Give an exact copy of the lines from the beginning of the listing below to the "Пирожное с кремом и клубникой" line, inclusive.

-- Opening Marker --

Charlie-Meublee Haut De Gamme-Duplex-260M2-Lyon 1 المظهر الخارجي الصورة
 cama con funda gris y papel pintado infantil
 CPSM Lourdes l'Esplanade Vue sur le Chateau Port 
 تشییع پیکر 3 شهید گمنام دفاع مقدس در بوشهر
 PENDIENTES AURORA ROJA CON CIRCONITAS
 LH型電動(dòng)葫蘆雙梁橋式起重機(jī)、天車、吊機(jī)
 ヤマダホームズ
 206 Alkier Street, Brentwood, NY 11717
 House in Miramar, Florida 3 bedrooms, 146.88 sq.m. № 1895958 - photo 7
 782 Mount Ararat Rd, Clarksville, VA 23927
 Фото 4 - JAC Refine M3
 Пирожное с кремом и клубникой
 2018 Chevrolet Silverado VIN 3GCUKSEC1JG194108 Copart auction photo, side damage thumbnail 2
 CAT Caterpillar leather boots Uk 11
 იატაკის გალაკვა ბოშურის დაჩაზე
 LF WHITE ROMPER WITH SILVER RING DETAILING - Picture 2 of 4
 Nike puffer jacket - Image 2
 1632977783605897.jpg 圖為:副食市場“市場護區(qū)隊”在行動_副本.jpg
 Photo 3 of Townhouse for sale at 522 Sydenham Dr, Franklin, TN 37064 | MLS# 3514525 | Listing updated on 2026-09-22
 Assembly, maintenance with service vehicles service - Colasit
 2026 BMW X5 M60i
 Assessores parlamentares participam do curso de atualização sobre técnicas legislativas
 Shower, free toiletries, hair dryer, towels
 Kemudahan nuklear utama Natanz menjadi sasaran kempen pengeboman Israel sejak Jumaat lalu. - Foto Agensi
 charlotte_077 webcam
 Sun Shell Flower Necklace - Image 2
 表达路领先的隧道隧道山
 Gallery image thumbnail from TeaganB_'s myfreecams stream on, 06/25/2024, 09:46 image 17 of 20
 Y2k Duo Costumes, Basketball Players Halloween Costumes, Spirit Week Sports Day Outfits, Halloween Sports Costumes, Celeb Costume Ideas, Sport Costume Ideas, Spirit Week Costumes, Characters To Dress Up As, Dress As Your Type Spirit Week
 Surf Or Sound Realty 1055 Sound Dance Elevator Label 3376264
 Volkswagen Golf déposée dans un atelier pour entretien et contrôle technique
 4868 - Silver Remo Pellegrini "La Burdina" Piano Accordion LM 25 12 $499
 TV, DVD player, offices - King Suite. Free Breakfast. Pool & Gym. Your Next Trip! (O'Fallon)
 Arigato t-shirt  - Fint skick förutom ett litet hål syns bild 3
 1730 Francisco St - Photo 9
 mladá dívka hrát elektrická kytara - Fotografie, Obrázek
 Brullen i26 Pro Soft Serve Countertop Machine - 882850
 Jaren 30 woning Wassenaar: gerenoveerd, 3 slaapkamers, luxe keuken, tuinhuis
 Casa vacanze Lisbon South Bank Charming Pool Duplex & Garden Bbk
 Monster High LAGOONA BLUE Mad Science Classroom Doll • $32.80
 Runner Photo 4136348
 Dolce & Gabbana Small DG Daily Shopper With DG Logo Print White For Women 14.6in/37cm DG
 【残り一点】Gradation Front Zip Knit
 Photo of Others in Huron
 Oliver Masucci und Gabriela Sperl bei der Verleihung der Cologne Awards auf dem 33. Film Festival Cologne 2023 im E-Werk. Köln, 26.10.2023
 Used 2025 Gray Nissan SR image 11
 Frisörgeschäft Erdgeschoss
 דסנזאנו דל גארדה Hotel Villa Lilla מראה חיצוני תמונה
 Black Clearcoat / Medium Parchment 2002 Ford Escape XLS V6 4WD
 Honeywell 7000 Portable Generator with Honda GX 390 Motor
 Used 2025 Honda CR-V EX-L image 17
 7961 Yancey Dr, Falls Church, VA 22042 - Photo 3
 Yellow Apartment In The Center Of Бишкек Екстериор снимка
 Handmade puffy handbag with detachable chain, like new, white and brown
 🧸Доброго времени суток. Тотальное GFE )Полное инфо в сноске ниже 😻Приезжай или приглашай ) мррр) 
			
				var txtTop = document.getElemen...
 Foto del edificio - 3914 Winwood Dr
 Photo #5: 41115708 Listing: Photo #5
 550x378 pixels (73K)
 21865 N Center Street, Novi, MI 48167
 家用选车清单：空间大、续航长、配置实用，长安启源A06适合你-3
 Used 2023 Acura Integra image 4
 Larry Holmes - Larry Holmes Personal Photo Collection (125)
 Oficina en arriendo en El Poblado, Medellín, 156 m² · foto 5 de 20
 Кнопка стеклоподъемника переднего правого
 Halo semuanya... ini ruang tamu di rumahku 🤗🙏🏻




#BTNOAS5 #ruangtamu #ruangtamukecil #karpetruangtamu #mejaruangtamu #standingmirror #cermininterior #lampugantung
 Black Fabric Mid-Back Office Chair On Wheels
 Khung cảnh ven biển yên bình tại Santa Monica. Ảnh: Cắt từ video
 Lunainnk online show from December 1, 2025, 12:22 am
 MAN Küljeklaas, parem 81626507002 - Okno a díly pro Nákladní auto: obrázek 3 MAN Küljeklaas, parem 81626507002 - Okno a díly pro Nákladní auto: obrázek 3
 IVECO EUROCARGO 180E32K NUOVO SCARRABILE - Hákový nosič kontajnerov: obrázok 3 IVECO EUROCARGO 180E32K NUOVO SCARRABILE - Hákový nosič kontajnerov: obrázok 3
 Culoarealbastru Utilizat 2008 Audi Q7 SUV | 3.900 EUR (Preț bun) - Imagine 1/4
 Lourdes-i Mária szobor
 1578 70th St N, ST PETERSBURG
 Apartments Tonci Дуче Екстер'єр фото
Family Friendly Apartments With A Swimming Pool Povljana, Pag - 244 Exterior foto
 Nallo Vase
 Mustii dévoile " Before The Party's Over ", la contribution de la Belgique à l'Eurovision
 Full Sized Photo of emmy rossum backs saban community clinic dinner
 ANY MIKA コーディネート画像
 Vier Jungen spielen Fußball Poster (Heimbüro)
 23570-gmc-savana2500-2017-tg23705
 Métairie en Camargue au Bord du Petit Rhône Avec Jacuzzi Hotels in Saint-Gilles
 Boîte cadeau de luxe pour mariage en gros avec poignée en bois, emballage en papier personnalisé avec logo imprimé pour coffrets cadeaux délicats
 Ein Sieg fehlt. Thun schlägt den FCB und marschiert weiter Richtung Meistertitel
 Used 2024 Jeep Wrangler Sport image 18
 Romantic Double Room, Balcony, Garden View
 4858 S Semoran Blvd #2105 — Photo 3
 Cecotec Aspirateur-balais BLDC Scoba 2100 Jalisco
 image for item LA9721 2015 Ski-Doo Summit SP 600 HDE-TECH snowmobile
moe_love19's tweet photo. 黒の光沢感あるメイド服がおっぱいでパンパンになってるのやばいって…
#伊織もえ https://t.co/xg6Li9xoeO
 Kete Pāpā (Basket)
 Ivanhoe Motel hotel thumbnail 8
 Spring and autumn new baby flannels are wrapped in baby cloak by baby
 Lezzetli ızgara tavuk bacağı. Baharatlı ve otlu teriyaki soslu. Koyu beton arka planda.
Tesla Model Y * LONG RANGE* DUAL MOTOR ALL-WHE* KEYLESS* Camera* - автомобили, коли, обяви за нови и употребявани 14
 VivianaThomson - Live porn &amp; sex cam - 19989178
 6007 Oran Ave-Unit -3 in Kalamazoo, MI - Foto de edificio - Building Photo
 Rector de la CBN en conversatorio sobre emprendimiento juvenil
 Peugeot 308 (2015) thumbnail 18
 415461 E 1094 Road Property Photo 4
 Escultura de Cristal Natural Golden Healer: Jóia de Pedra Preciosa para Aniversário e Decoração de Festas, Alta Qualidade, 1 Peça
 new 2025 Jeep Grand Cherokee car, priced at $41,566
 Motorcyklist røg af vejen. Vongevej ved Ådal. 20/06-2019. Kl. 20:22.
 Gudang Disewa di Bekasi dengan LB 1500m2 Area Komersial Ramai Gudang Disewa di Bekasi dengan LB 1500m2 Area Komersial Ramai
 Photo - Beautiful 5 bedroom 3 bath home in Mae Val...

-- Closing Marker --

** FINISHED EXERCISE **
Charlie-Meublee Haut De Gamme-Duplex-260M2-Lyon 1 المظهر الخارجي الصورة
 cama con funda gris y papel pintado infantil
 CPSM Lourdes l'Esplanade Vue sur le Chateau Port 
 تشییع پیکر 3 شهید گمنام دفاع مقدس در بوشهر
 PENDIENTES AURORA ROJA CON CIRCONITAS
 LH型電動(dòng)葫蘆雙梁橋式起重機(jī)、天車、吊機(jī)
 ヤマダホームズ
 206 Alkier Street, Brentwood, NY 11717
 House in Miramar, Florida 3 bedrooms, 146.88 sq.m. № 1895958 - photo 7
 782 Mount Ararat Rd, Clarksville, VA 23927
 Фото 4 - JAC Refine M3
 Пирожное с кремом и клубникой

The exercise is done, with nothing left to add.